Action item. For this exercise, retype each line of the material below verbatim and omit any picture.

Dataset content.
· · · · ·

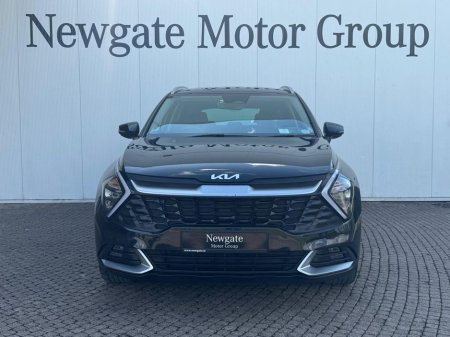 2023 Kia Sportage K3 Mhev MY23 5DR €33,950 thumbnail
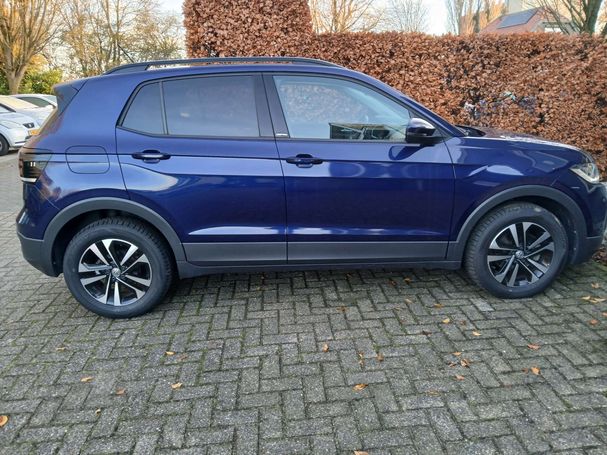 Volkswagen T-Cross 1.0 TSI 85 kW image number 7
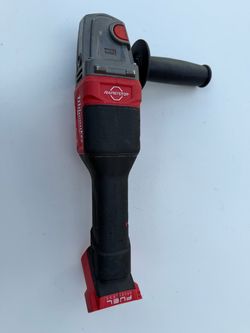 Milwaukee M18 FUEL 18V 4-1/2 in Angle Grinder 2980-20 Tool Only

· · · · ·

Response to the task.
 2023 Kia Sportage K3 Mhev MY23 5DR €33,950 thumbnail
 Volkswagen T-Cross 1.0 TSI 85 kW image number 7
 Milwaukee M18 FUEL 18V 4-1/2 in Angle Grinder 2980-20 Tool Only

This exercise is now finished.